Segment Start: The data

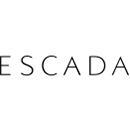 escada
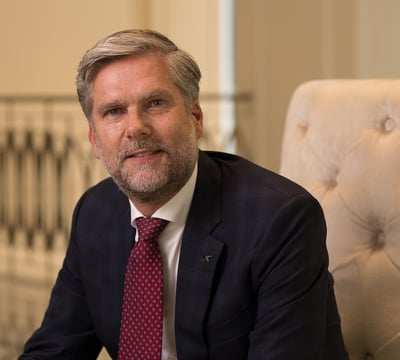 Frank Veenstra 2.jpg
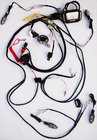 QT-RL-TRX400EX-99 Honda 400EX to 2004 MSVA Road Kit picture 3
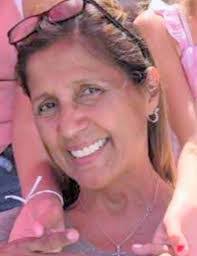 Gladys Sheppard's Instagram, Twitter & Facebook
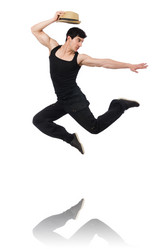 Similar image 7586648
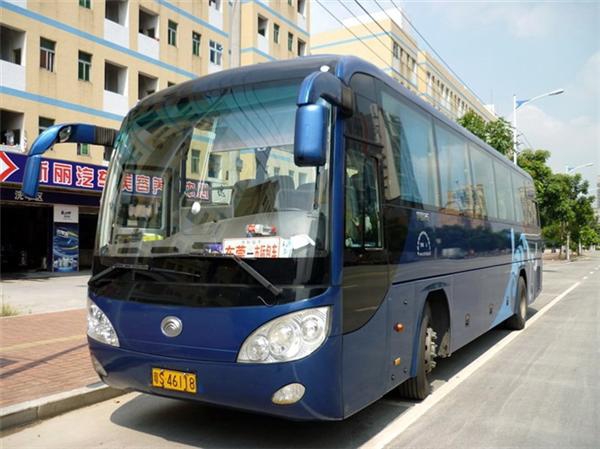 珠海租車介紹租車不能用來運營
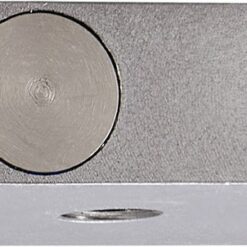 AP2082M Вибропреобразователь AP2082M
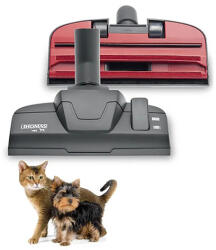 Thomas 787210 PET HAIR FLOOR NOZZLE állatszőr padlókefe (787210 PET HAIR FLOOR NOZZLE)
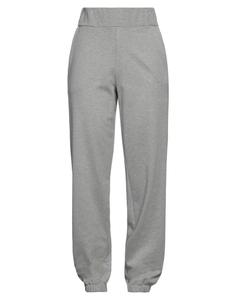 Брюки Mangano, серый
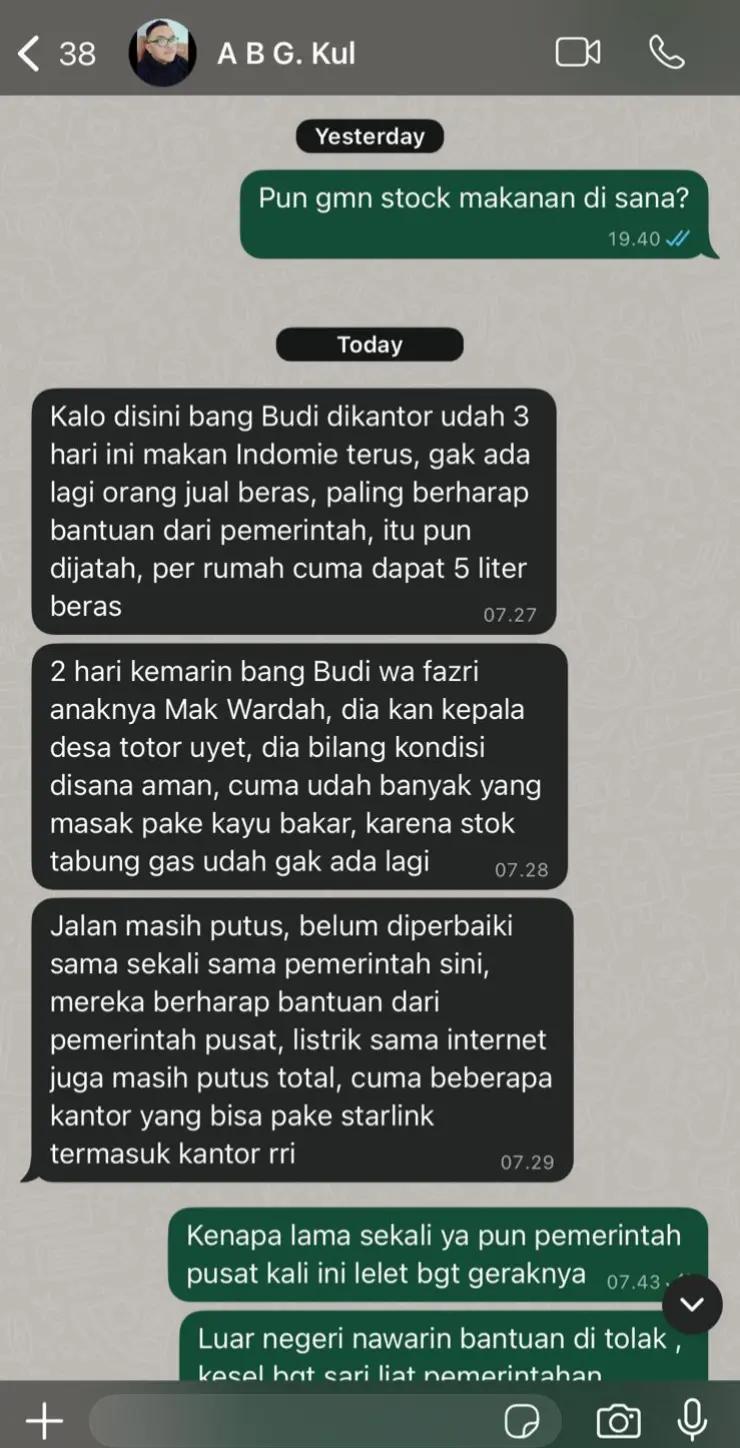 @yanirahmayanti687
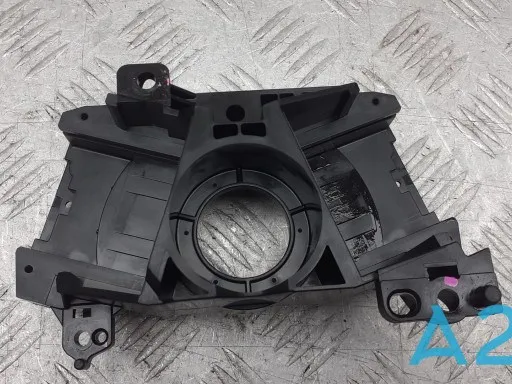 Interruptor central de la columna de dirección 35251T5AB02 Honda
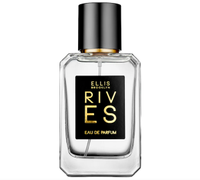 Ellis Brooklyn&nbsp;RIVES Eau de Parfum: was $105 now $52.50 (save $52.50) | Sephora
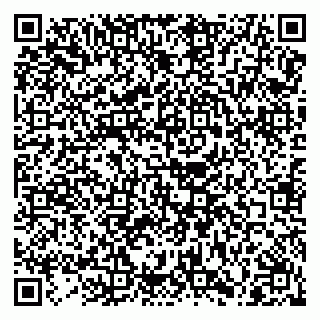 vCard 79028121548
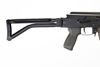 Picture of Arsenal SAM7SF-84EG 7.62x39mm OD Green Semi-Automatic Rifle with Enhanced Fire Control Group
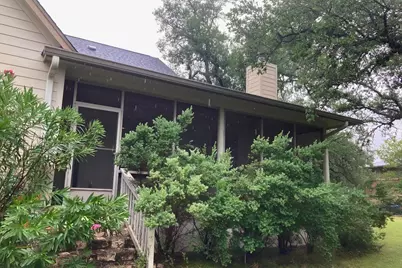 117 Keswick Drive, Spicewood, TX 78669 - Photo 26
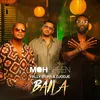 About Baila (feat. Fally Ipupa, Djodje) Song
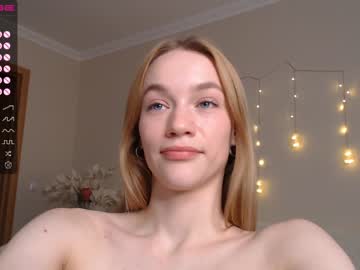 Nude girl alice_lady2020 image #5462162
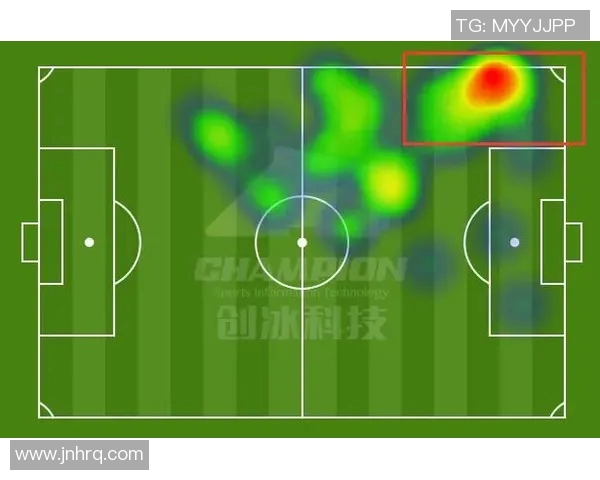 体育实时数据重庆篮球队与上海篮球队赛后复盘分析力量对比与战术探讨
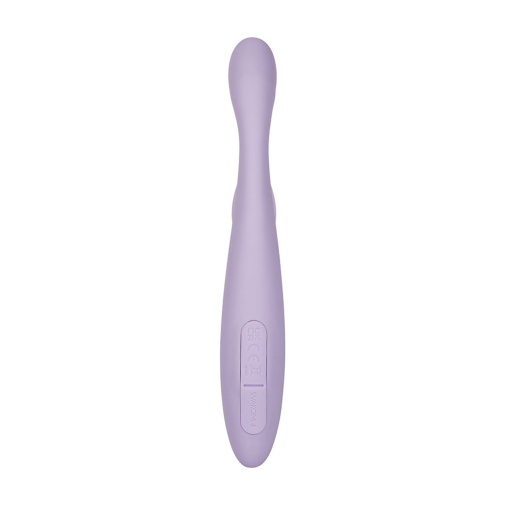 svakom_cici2plus_pastel_lilac_03.jpg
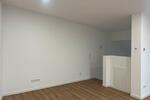 Einfamilienhaus Hamm am Rhein - 3 Zimmer, 117 m&sup2;, 1.250&euro; | Angebot:24541286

Segment End: The data

§ **Task prompt**:
Exclude all pictures and reproduce exactly the lines from the one containing "Nude girl alice_lady2020 image #5462162" through the final line of the entries above.

§ **Solution to the exercise**:
 Nude girl alice_lady2020 image #5462162
 体育实时数据重庆篮球队与上海篮球队赛后复盘分析力量对比与战术探讨
 svakom_cici2plus_pastel_lilac_03.jpg
 Einfamilienhaus Hamm am Rhein - 3 Zimmer, 117 m&sup2;, 1.250&euro; | Angebot:24541286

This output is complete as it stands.